**WORK TO COMPLETE**
The answer must reproduce all of the data below exactly and contain no images.

*** DATA PROVIDED ***

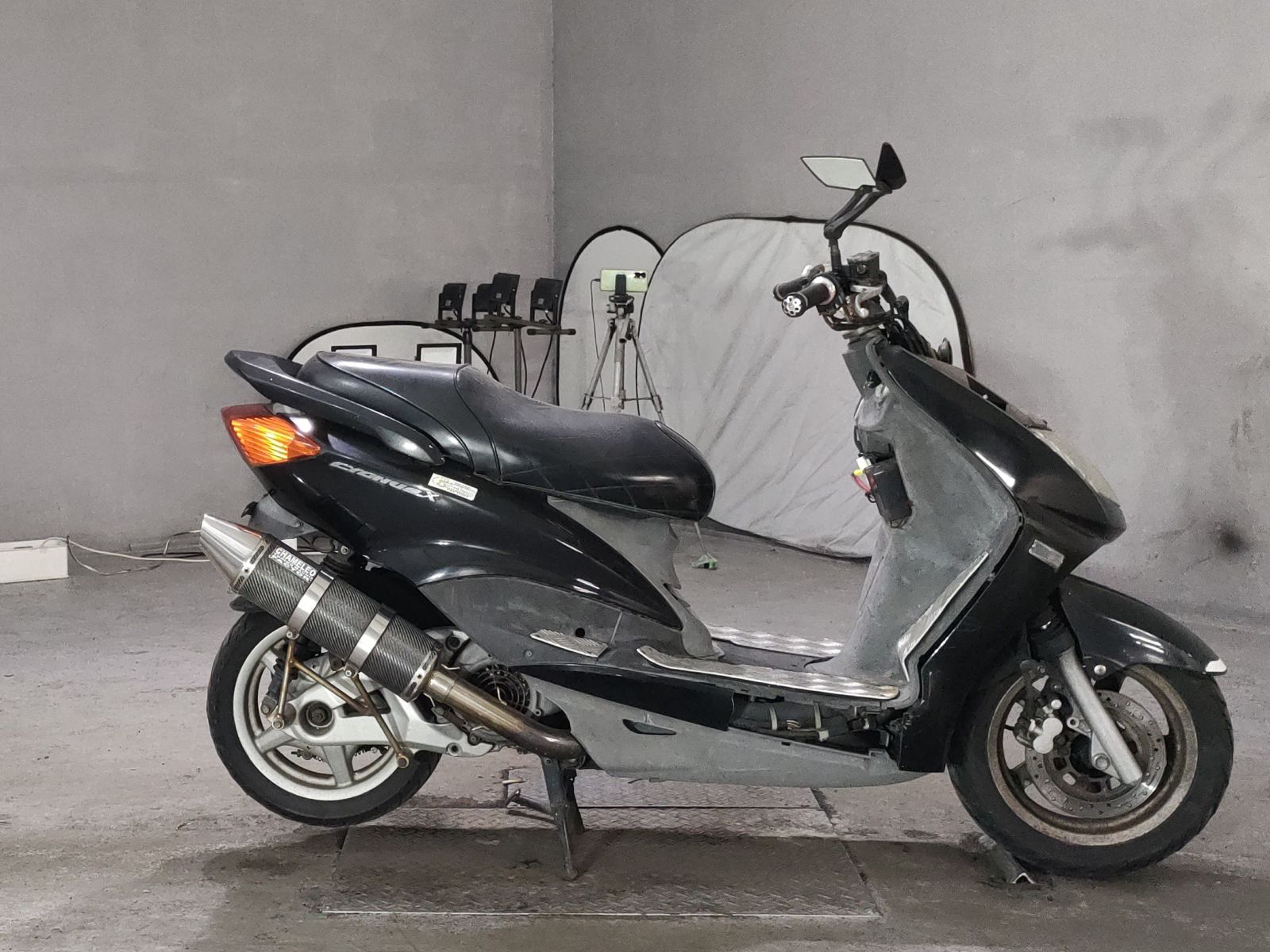 Yamaha CYGNUS125X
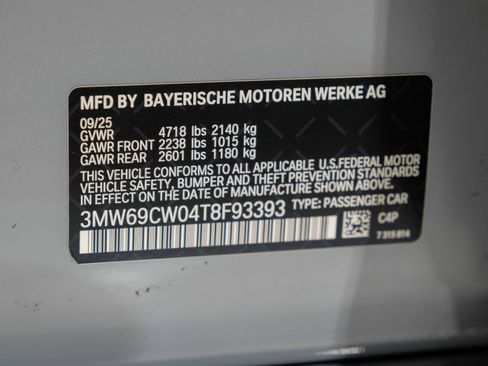 Used 2026 BMW 330i Sedan RWD image 63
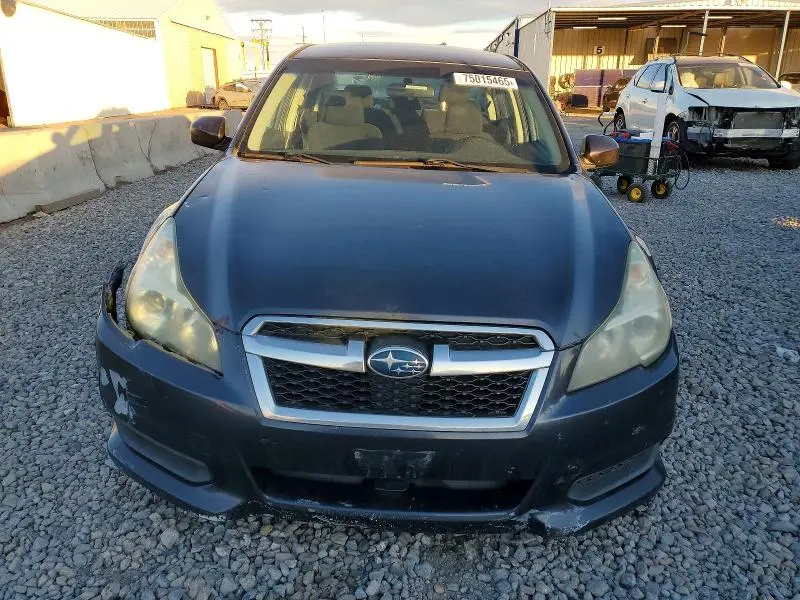 2013 SUBARU LEGACY 2.5I PREMIUM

*** End of DATA PROVIDED ***

**SOLUTION TO THE EXERCISE**
 Yamaha CYGNUS125X
 Used 2026 BMW 330i Sedan RWD image 63
 2013 SUBARU LEGACY 2.5I PREMIUM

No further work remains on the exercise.